What follows is a set of records; restate each one word for word and drop the pictures.

## GIVEN RECORDS
......
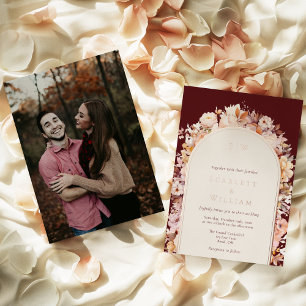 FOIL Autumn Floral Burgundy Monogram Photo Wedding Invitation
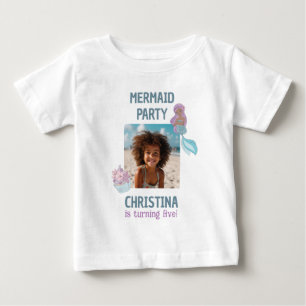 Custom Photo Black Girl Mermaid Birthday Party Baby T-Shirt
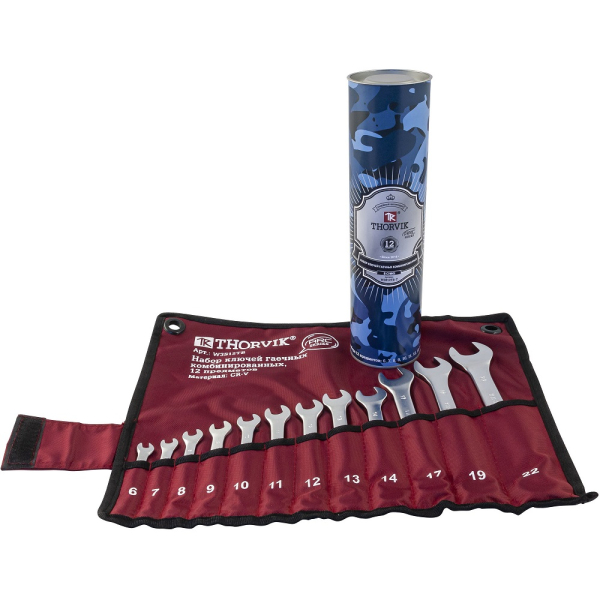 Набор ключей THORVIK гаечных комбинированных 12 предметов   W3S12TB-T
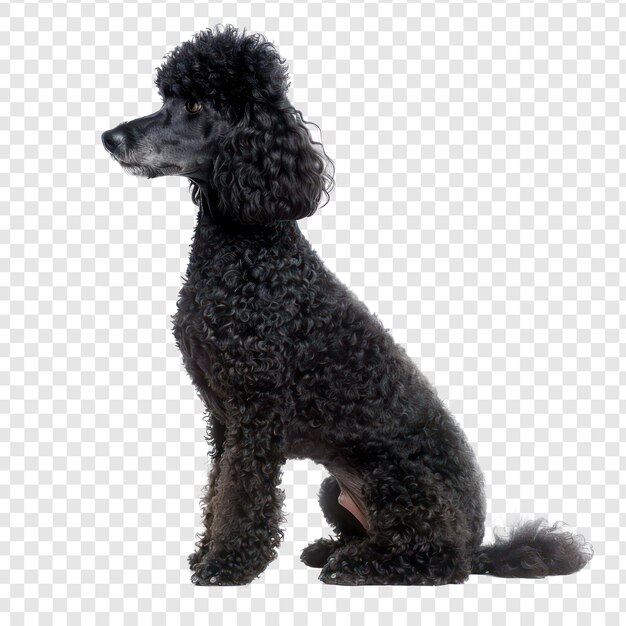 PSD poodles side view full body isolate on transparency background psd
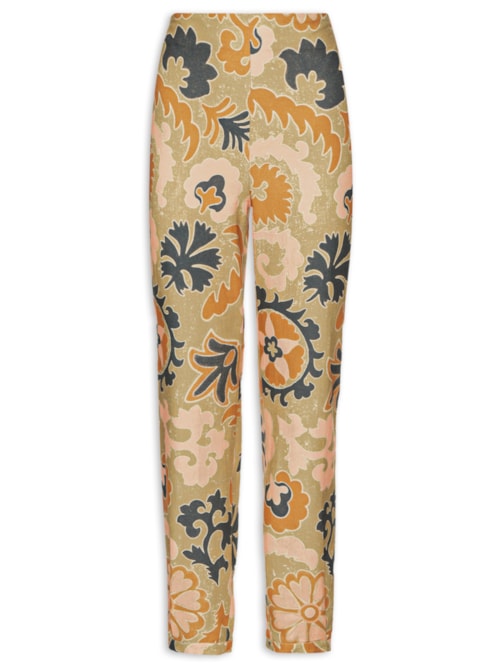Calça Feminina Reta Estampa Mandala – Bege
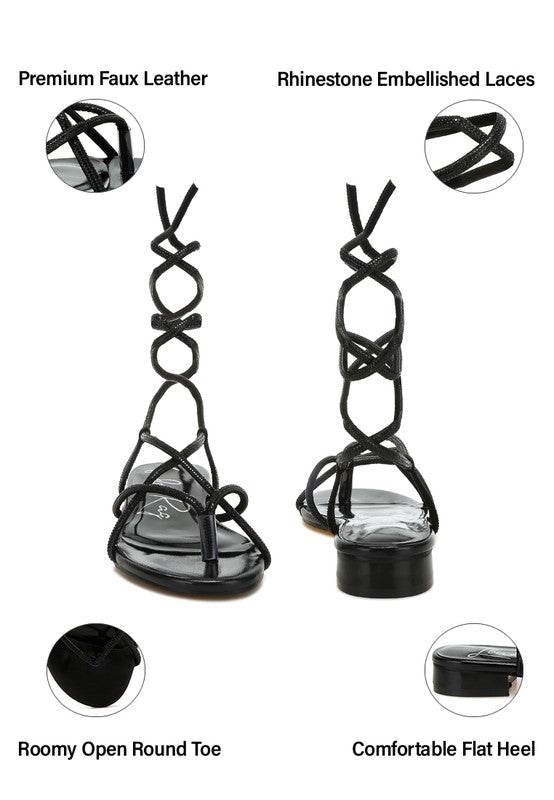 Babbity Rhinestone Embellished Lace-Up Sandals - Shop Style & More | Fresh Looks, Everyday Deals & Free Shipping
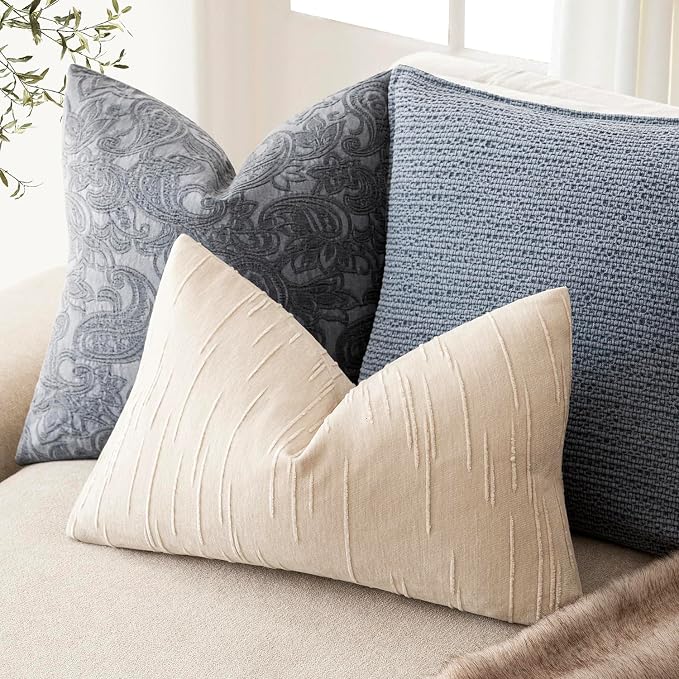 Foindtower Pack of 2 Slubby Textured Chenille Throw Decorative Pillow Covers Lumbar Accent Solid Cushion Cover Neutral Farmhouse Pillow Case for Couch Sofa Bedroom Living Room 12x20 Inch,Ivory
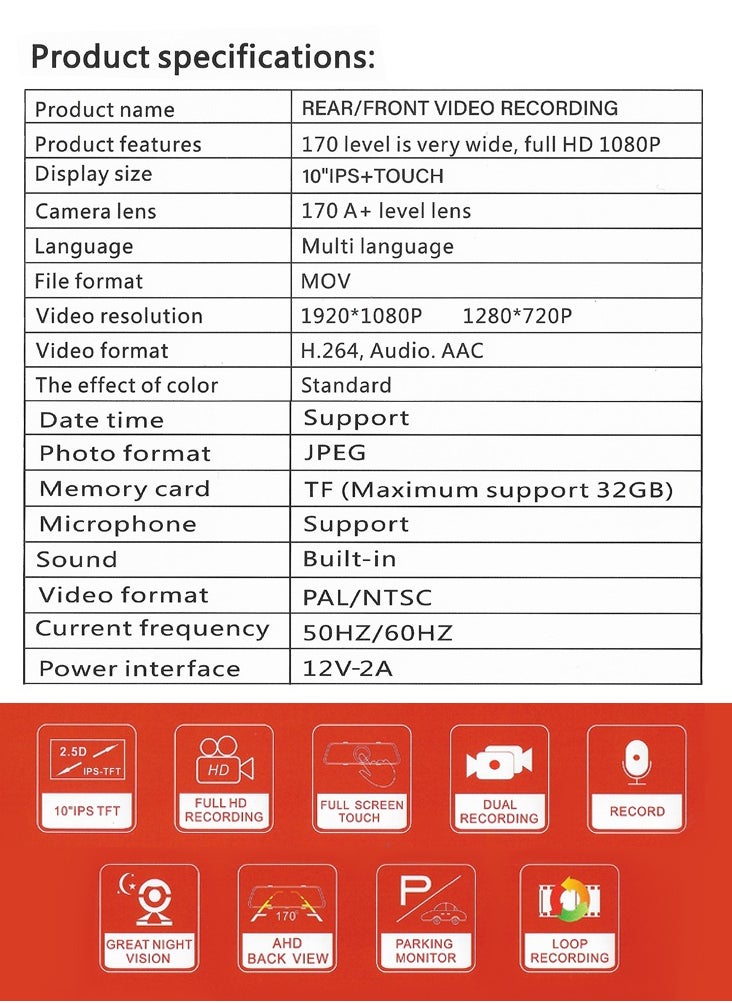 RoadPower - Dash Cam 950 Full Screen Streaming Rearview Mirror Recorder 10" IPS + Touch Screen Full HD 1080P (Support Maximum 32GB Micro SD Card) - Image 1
......
## TASK RESPONSE
 FOIL Autumn Floral Burgundy Monogram Photo Wedding Invitation
 Custom Photo Black Girl Mermaid Birthday Party Baby T-Shirt
 Набор ключей THORVIK гаечных комбинированных 12 предметов   W3S12TB-T
 PSD poodles side view full body isolate on transparency background psd
Calça Feminina Reta Estampa Mandala – Bege
 Babbity Rhinestone Embellished Lace-Up Sandals - Shop Style & More | Fresh Looks, Everyday Deals & Free Shipping
 Foindtower Pack of 2 Slubby Textured Chenille Throw Decorative Pillow Covers Lumbar Accent Solid Cushion Cover Neutral Farmhouse Pillow Case for Couch Sofa Bedroom Living Room 12x20 Inch,Ivory
 RoadPower - Dash Cam 950 Full Screen Streaming Rearview Mirror Recorder 10" IPS + Touch Screen Full HD 1080P (Support Maximum 32GB Micro SD Card) - Image 1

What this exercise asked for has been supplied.